Stephen Walt doesn’t think much of Ramaswamy’s “realism”:
Ramaswamy’s departure from true realism is perhaps most apparent in his discussion of Latin America. He wants the United States to “re-embrace the Monroe Doctrine” and announce to the world that “our hemisphere is not to be encroached” upon. As an offshore balancer, I don’t have a big problem with that general idea, but what exactly does Ramaswamy mean here? Will Washington bar Chinese investment in South America or tell Brazil not to trade with Beijing? Good luck with that. Is he going to use the 82nd Airborne to tackle drug gangs or punish left-wing regimes? Taken literally, Ramaswamy’s recommendations would entrap the United States in local quagmires for which we have no ready solution. He’s worried about Latin American “leftism,” “unstable states,” drug cartels, and migrants, but his only answers to these challenges are a chest-thumping warning that other states must keep their distance (or they “will be made to regret it”), to place greater reliance on the U.S. Navy (to do what?), and to propose a bunch of new trade deals. This is foreign policy by bumper sticker, not a serious analysis of the region’s challenges and the different ways the United States might respond.

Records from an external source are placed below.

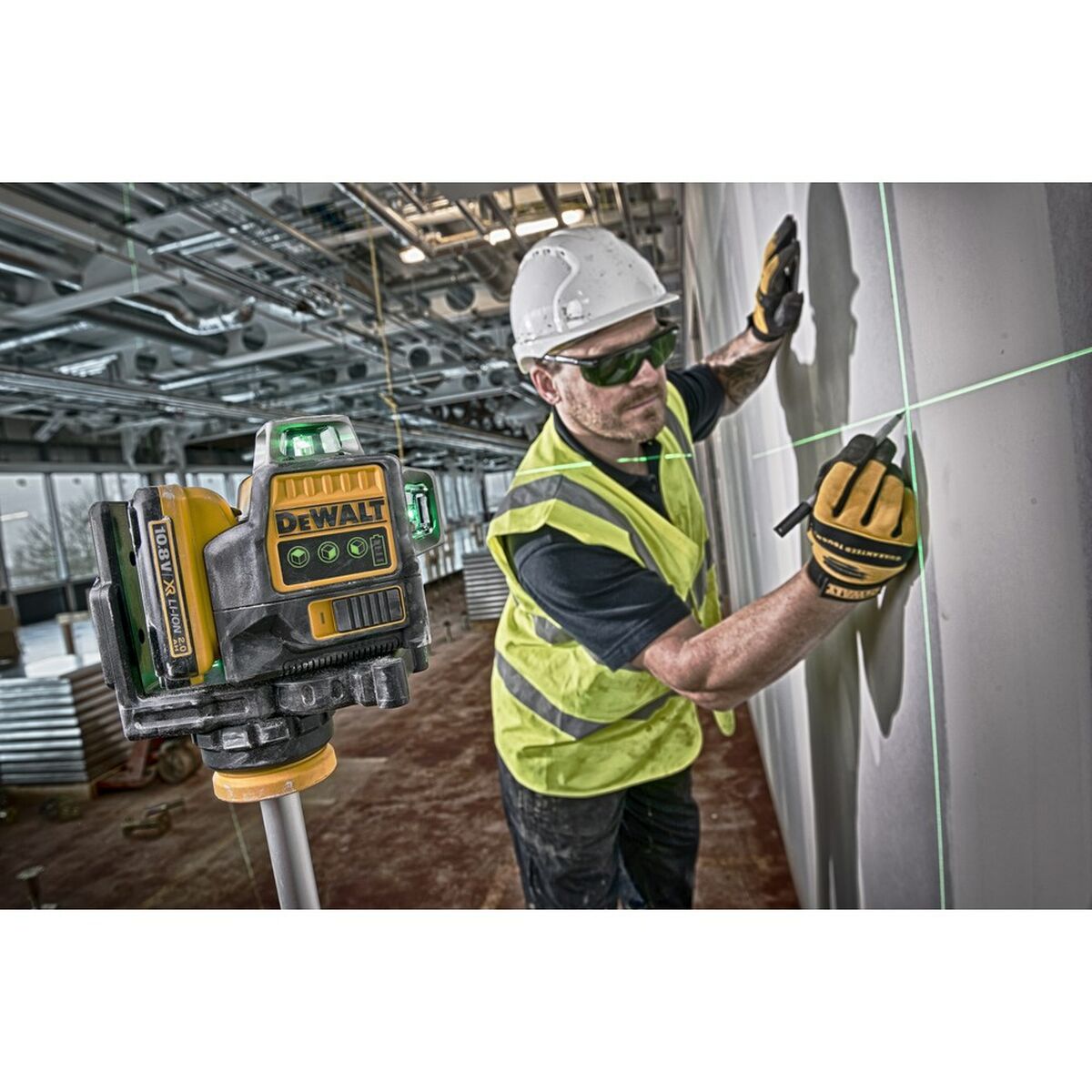 Lasernivå Dewalt dce089d1g-qw 30 m - 3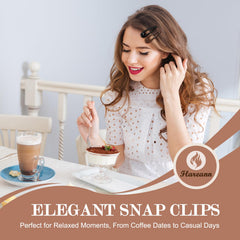 FLAREANN light brown glossy snap clip versatile for half-up looks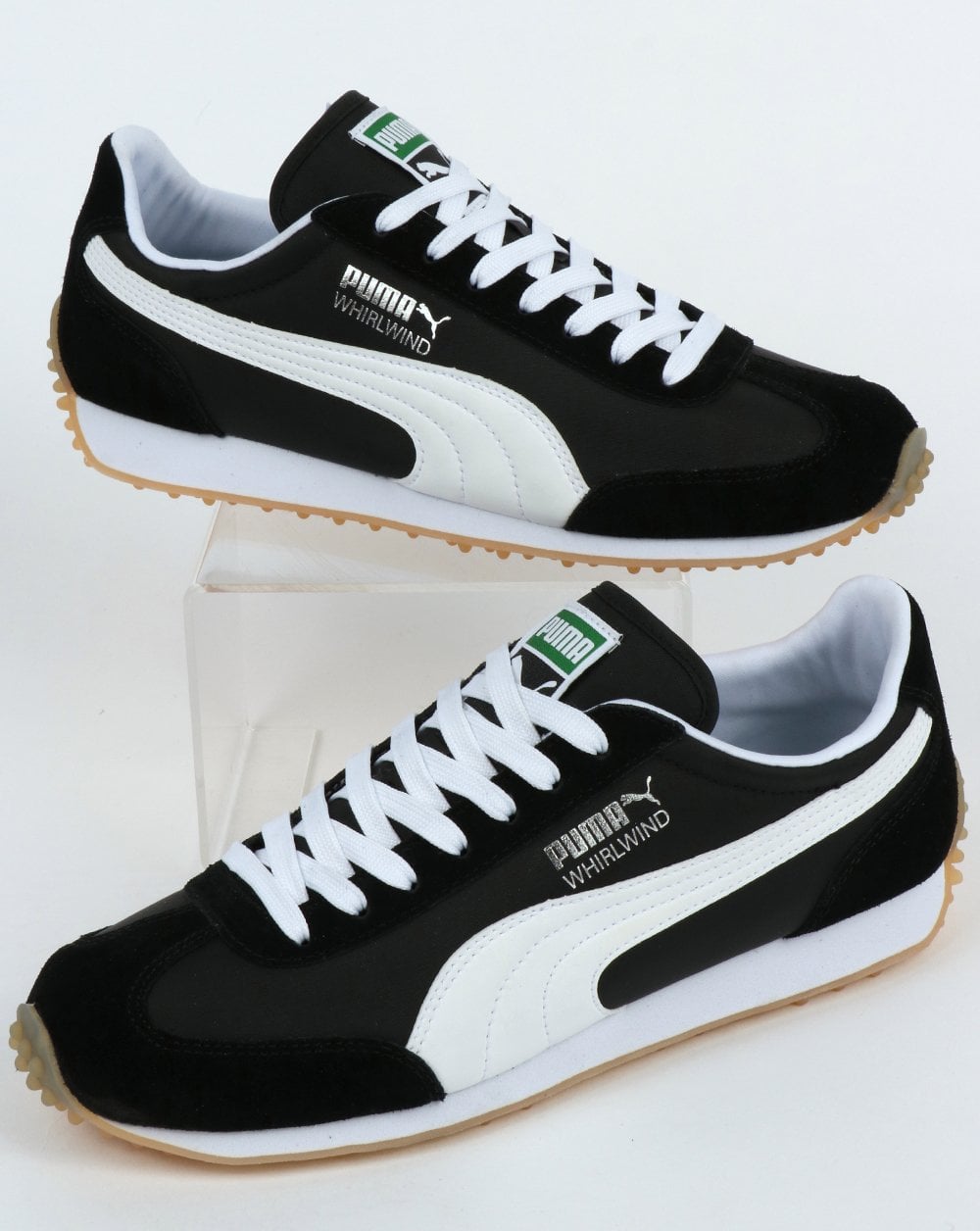 Puma Whirlwind Classic Trainer Black/White/Silver
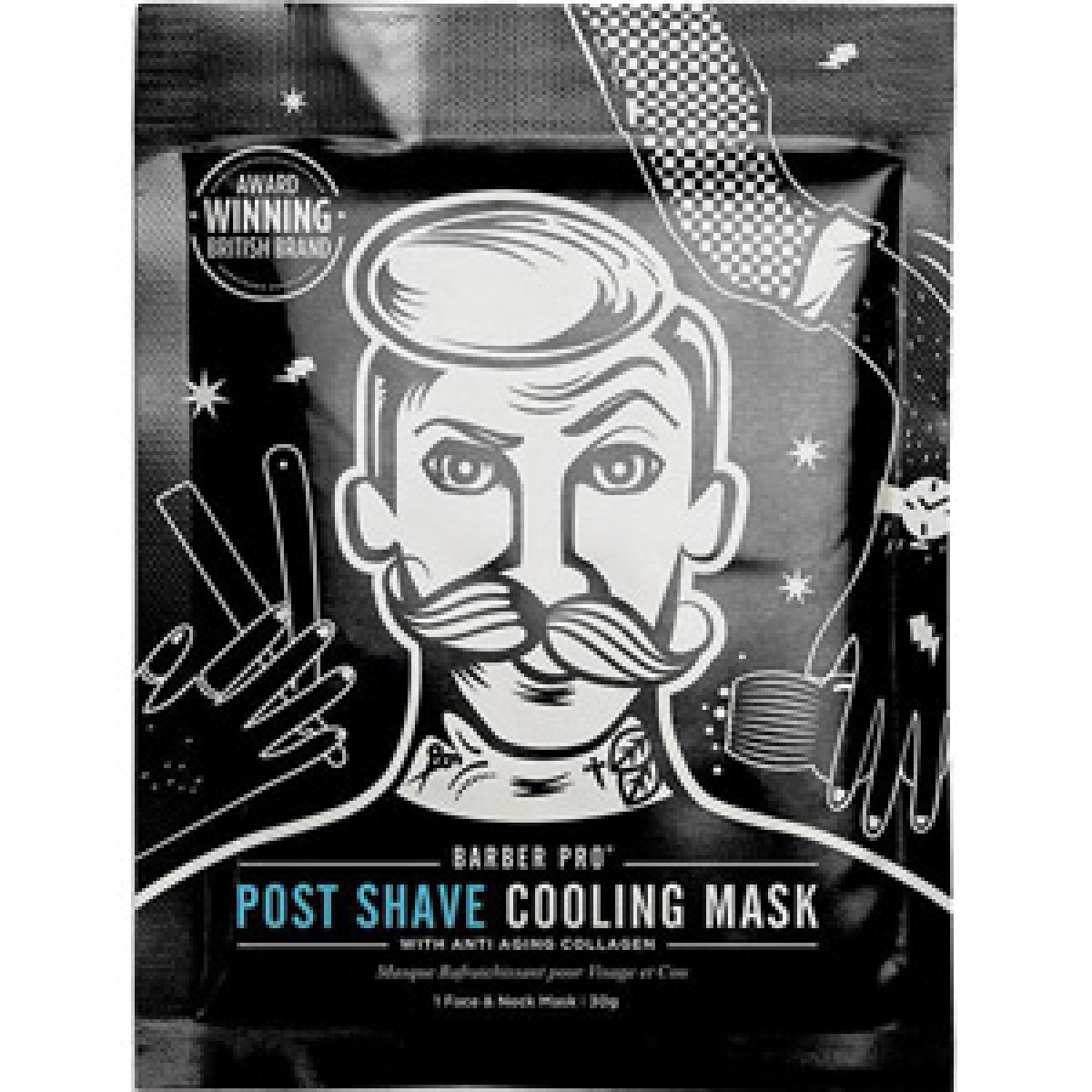 BARBER PRO POST SHAVE COOLING MASK 30g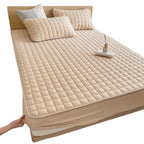 Quilted Mattress Protector with Elastic Side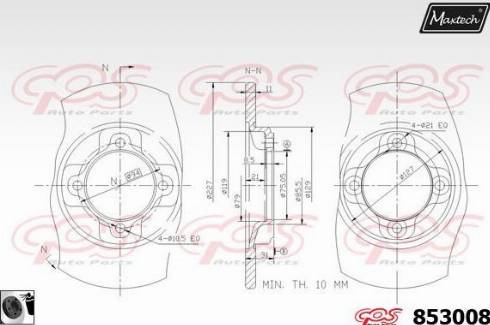 Maxtech 853008.0060 - Тормозной диск unicars.by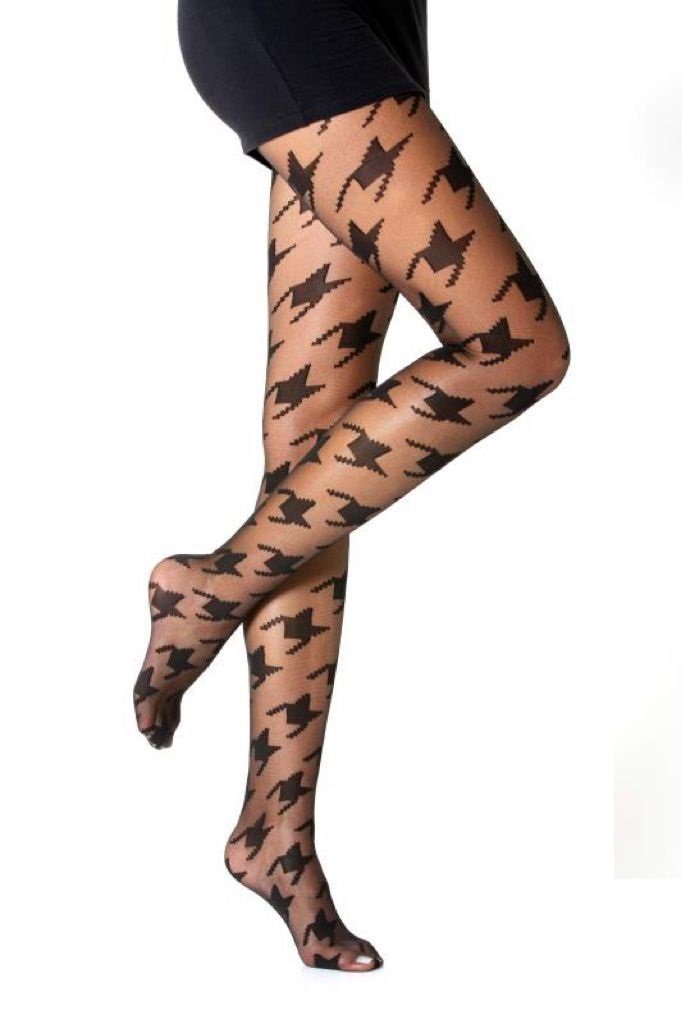 cofi1453 Feinstrumpfhose Damen Strumpfhose mit Muster Nero Frauen Hose Sock günstig online kaufen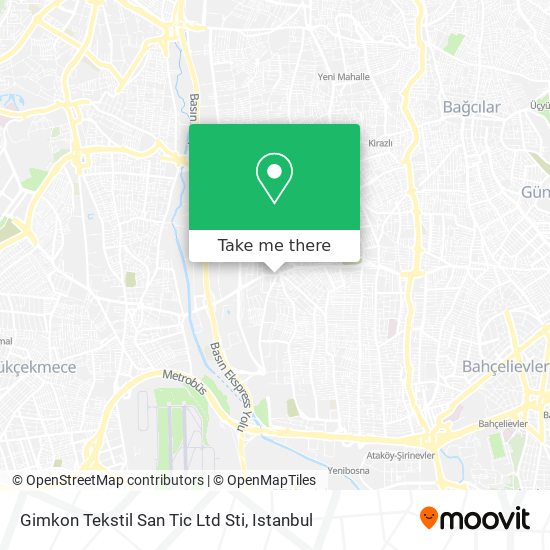 Gimkon Tekstil San Tic Ltd Sti map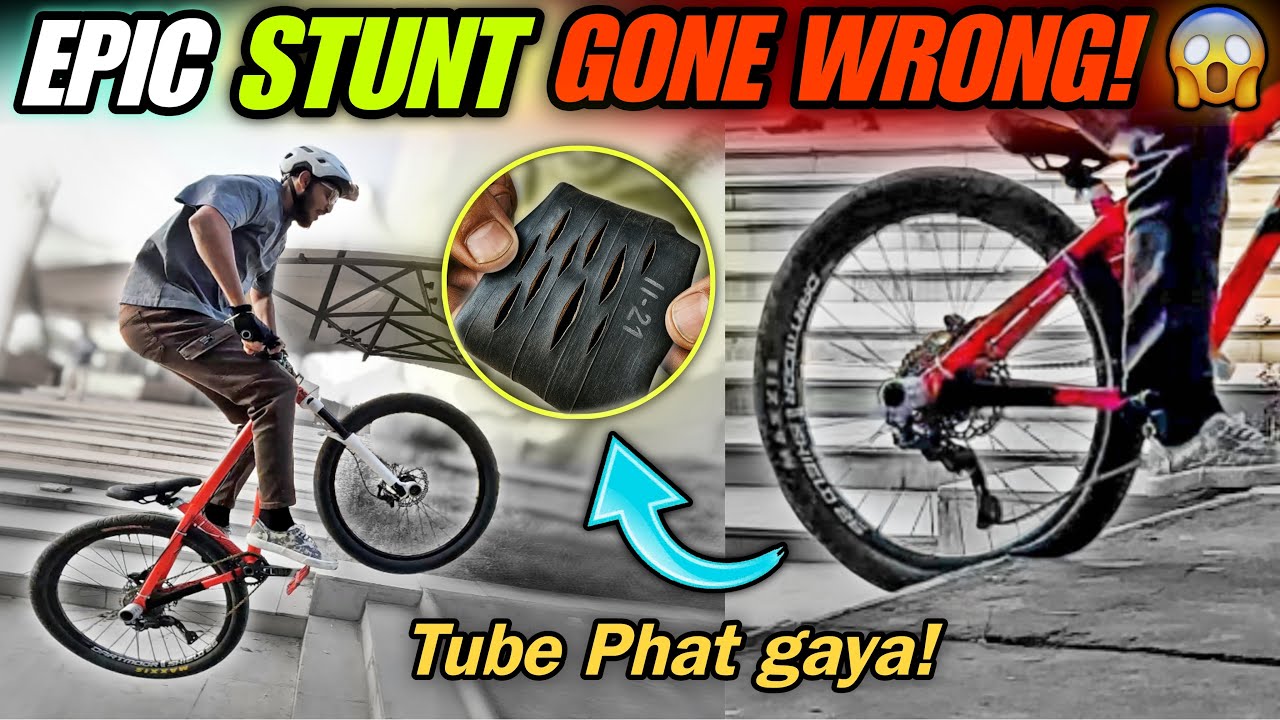 Tube Burst On Camera! 😱 Epic Cycle Stunt Fail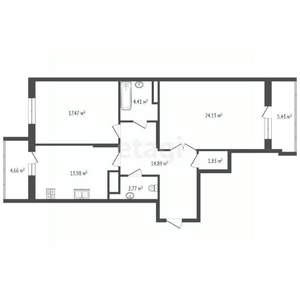 2-к квартира, вторичка, 85м2, 7/9 этаж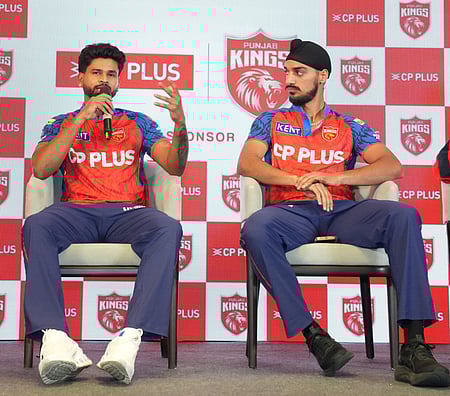 Punjab Kings (PBKS) captain Shreyas Iyer and Arshdeep Singh say ‘eyes are on the IPL trophy. Photo credit: PBKS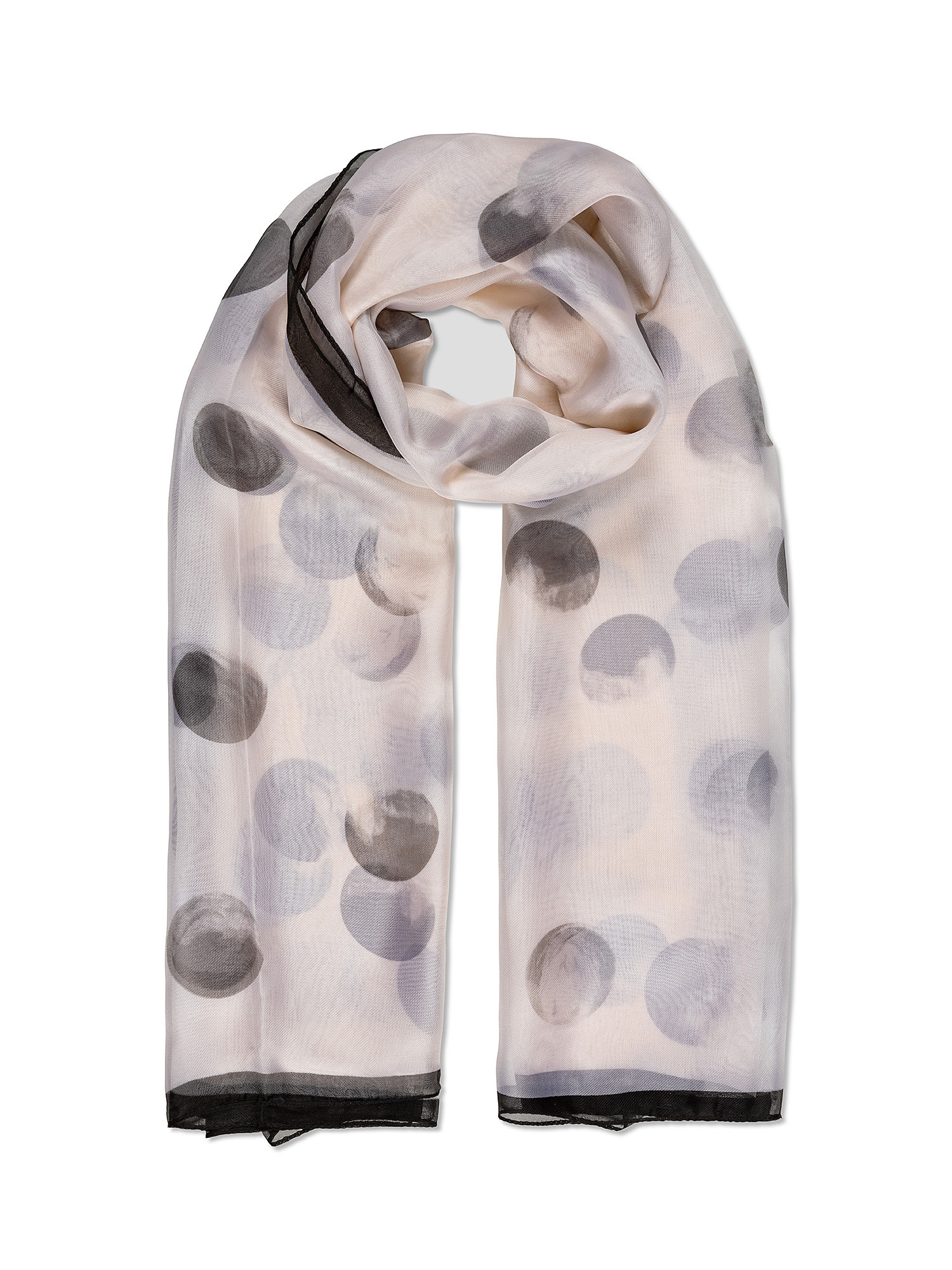 Koan - Scarf with bubble print, Ivory, large image number 0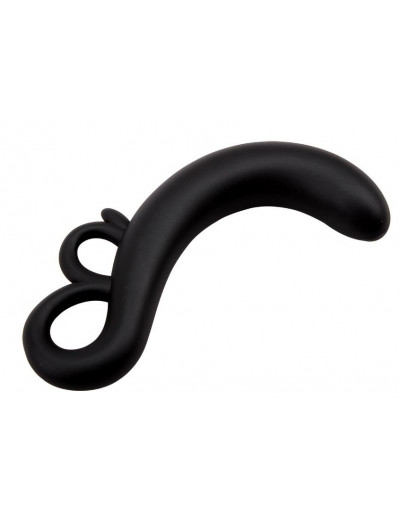 Черный G-стимулятор Two-Finger G-Spot Plug - 14 см.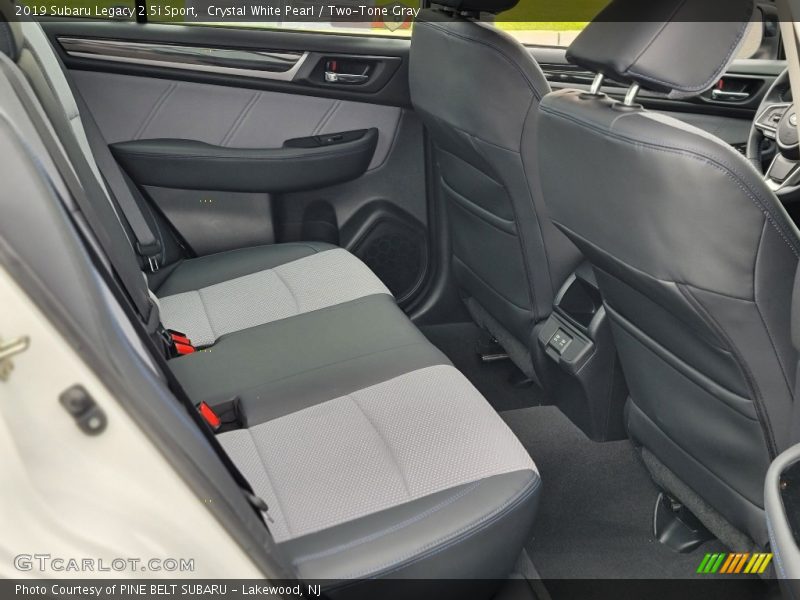 Crystal White Pearl / Two-Tone Gray 2019 Subaru Legacy 2.5i Sport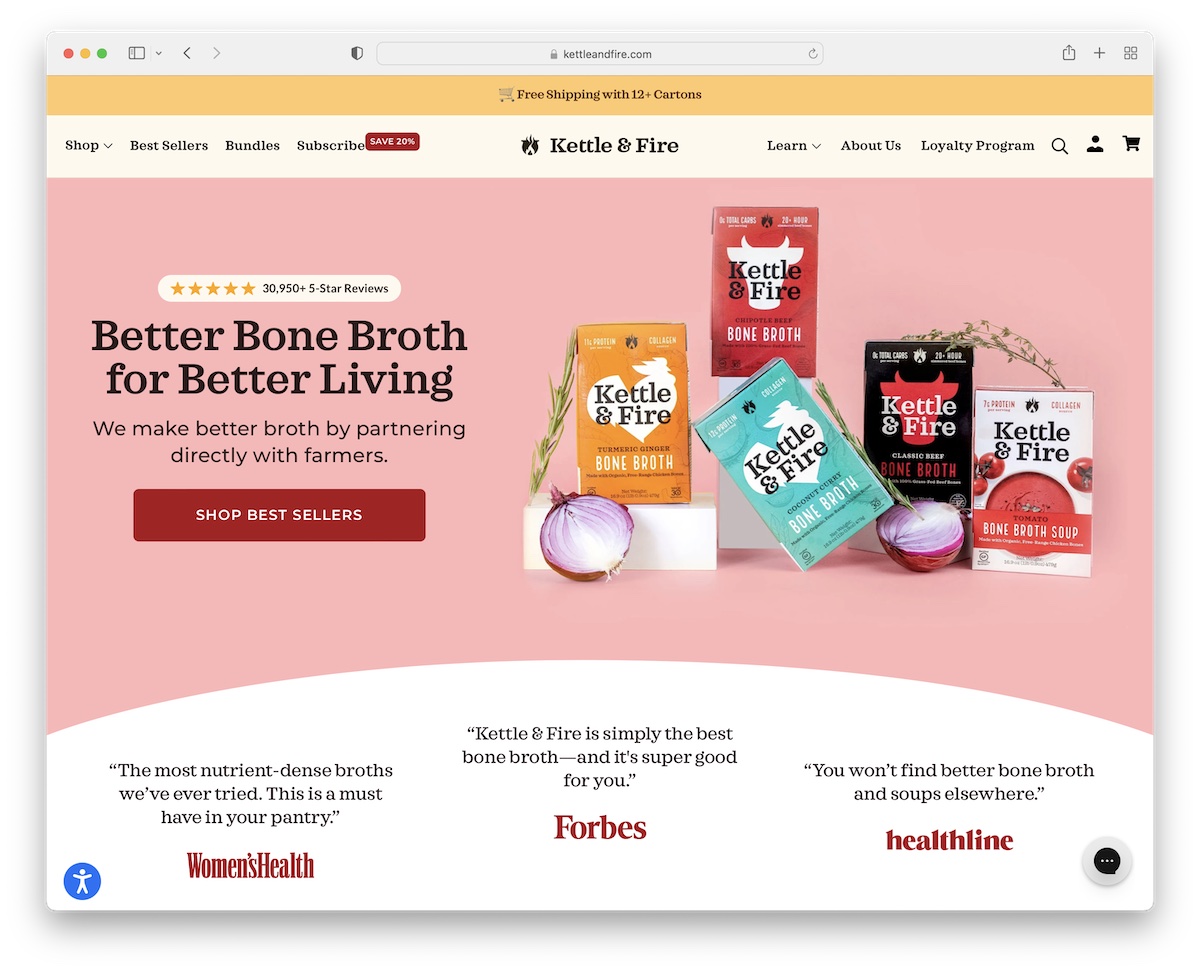 kettle and fire food website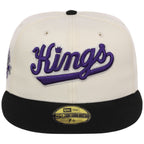 Sacramento Kings NBA Chrome OTC New Era 59FIFTY (Chrome/Black)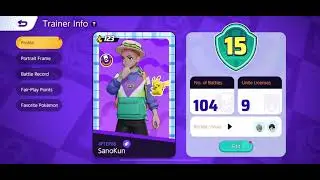 How to change your profile outfit in pokemon unite #pokemonunite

Walt’s criticisms line up with my own, and we would both agree with Jacob Heilbrunn that “Ramaswamy is slapping the realist brand onto a hodgepodge of policy proposals that are divorced from reality.” Ramaswamy has embraced the realist label because it helps him to distinguish himself from both the Republican and foreign policy establishment, and that aids him in his campaign as an outsider candidate. He hopes to be able to dupe the same people that were gullible enough to buy that Trump is some sort of realist. The credulous embrace of his candidacy in some circles on the right is proof that those people haven’t learned anything from the Trump era.